Laurence Tratt: How Hard is it to Adapt a Memory Allocator to CHERI?

CHERI is a set of things (adapted CPUs, adapted operating systems, adapted libraries) that, collectively, aim to stop software bugs becoming security flaws. If you’d like to know more, I gave some of my thinking on CHERI in Two Stories for “What is CHERI?”.

In this post I’m going to flesh out an observation I made in that post, which is that some software needs thoughtful adaption to CHERI if we want to get the security advantages we hope for. Exactly what that thoughtful adaption might look like will vary, probably substantially, between different pieces of software. What, for instance, might it look like for critical, widely used, components? In this post I’m going to look at how memory allocators (henceforth “allocators”), one of software’s most fundamental building blocks, can be adapted to CHERI. If you find this interesting, but want greater depth than I’ll go into here, you might be interested in the paper Picking a CHERI Allocator: Security and Performance Considerations that this post is based upon.

A Simple Allocator

It is a truism that virtually every program needs to dynamically allocate memory. Our collective folklore tells us that allocators like dlmalloc or jemalloc are impressive pieces of software that improve on their predecessors, but very few of us can really explain why. We call malloc, realloc, and free and magically chunks of memory are allocated, resized, or freed on our behalf.

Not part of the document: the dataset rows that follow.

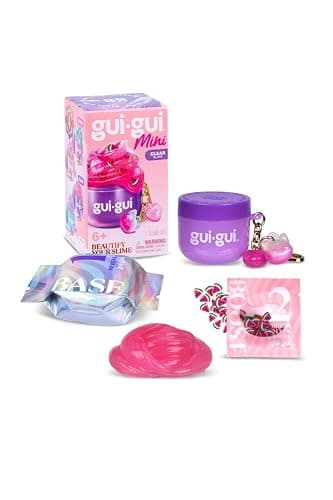 GUI GUI Mini Slime Jar Keychain – 4 Pack Tiny Scented Slime Jars with Charms & Clip | Gloss, Clear, Butter & Cloud Slime Assortment | Collectible Slime Keychains for Kids thumbnail 5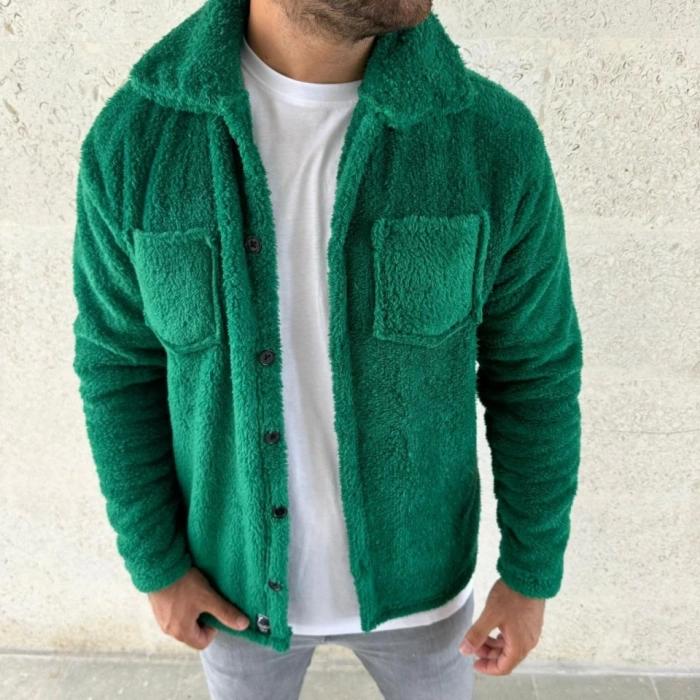 Erkek Pelüş Polar Hırka Gömlek – Yakalı, İlik Düğmeli, Göğüs Cepli, Yumuşak Dokulu Kışlık Regular Fit Rahat Günlük Model - Çimen Yeşili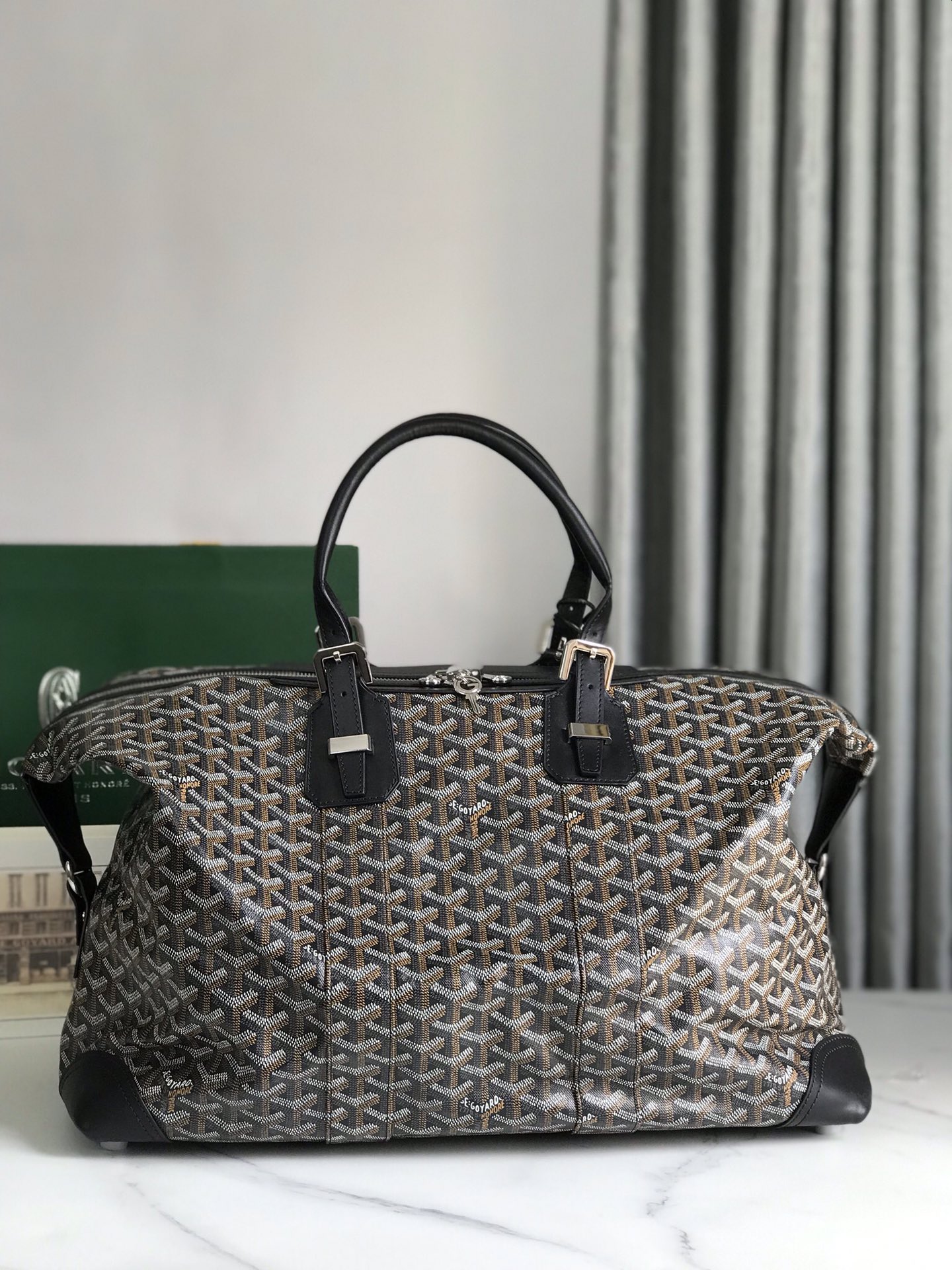 Goyard Boeing 30 Black Coated Canvas and Leather Handbag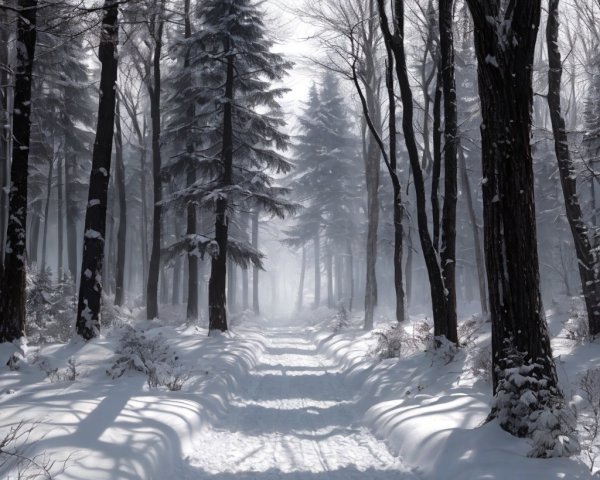 Snow-Covered Pathway in a Tranquil Winter Forest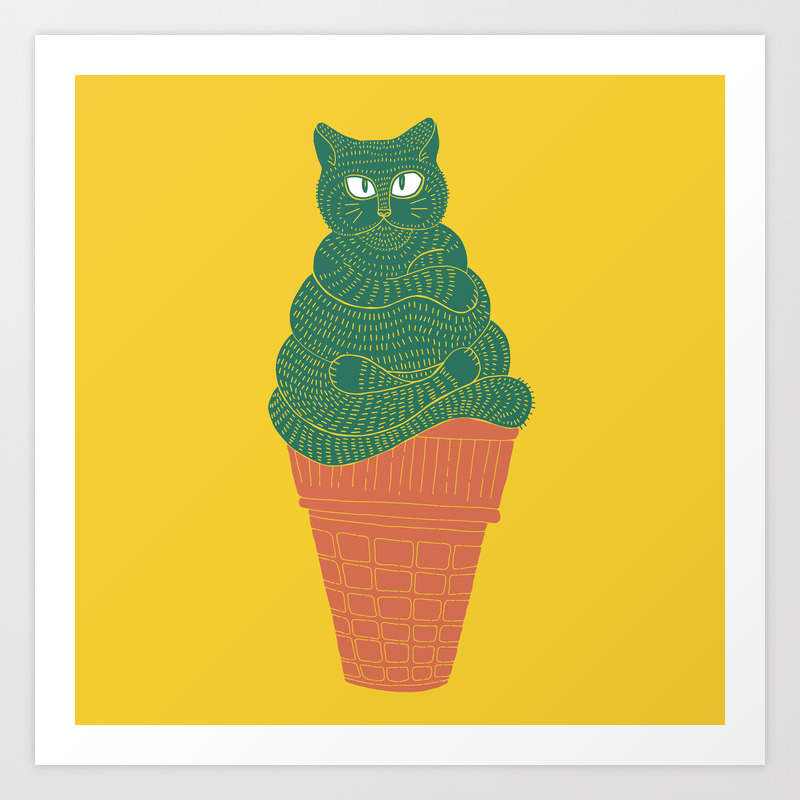 Fat Cat Melting On An Ice Cream Cone Art Print By Jfmoffet Society6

As is often the case, one can get a useful insight into allocators by stripping away as much of the cleverness as possible. It turns out that we can write an allocator sufficient to run some real programs in just 25 lines of C:

#include <stddef.h>
#include <stdlib.h>
#include <string.h>
#include <sys/mman.h>

static char *heap_start;
static char *heap;
static size_t HEAP_SIZE = 1024 * 1024 * 1024;

void *malloc(size_t sz) {
  if (!heap) heap = heap_start = mmap(NULL, HEAP_SIZE,
    PROT_READ|PROT_WRITE, MAP_PRIVATE|MAP_ANON,-1,0);
  sz = __builtin_align_up(sz, _Alignof(max_align_t));
  if (heap + sz > heap_start + HEAP_SIZE) return NULL;
  heap += sz;
  return heap - sz;
}

void free(void *ptr) { }

void *realloc(void *ptr, size_t sz) {
  void *new_ptr = malloc(sz);
  if (ptr && new_ptr) memmove(new_ptr, ptr, sz);
  return new_ptr;
}

What we’ve implemented is a “bump allocator”: every time we want to allocate or reallocate a block of memory, we “bump” (i.e. increment) the pointer stored in the variable heap.

The first time that we call malloc, no heap has been allocated, so we use the operating system primitive mmap to reserve 1GiB of RAM for our process (lines 8, 11, and 12). Because many systems become unhappy if we return unaligned memory (e.g. memory which starts on addresses ending in an odd number), we round the size requested up (on my machine to the next multiple of 16) to avoid such unhappiness (line 13). We then check if there is enough space left in the heap for the allocation, returning NULL if there is not (line 14). If there is enough space in the heap we then return a pointer to the beginning of the block (line 16) and “bump” the heap pointer (line 15).

Unsurprisingly, I have cut a few corners to keep things simple (e.g. let’s hope that mmap doesn’t fail!). Most obviously, free doesn’t “return” memory to the heap: this is semantically correct, though it will cause programs to run out of memory rather quickly! You may also find the definition of realloc surprising, because it copies however many bytes are now requested from the old to the new block. This works because our heap is contiguous so, if there’s enough space for the new block, by definition we can copy at least that many bytes from the old block.

So, does this really work? Let’s start with the classic binary trees benchmark which does a lot of memory allocation. What we want to do is to compare a normal allocator against our bump allocator. There are various ways we could do this, but the simplest is to put our allocator in a shared object and use the “ LD_PRELOAD trick“1. Setting the LD_PRELOAD environment variable to point at our shared object allows us to override the system allocator on a per-execution basis.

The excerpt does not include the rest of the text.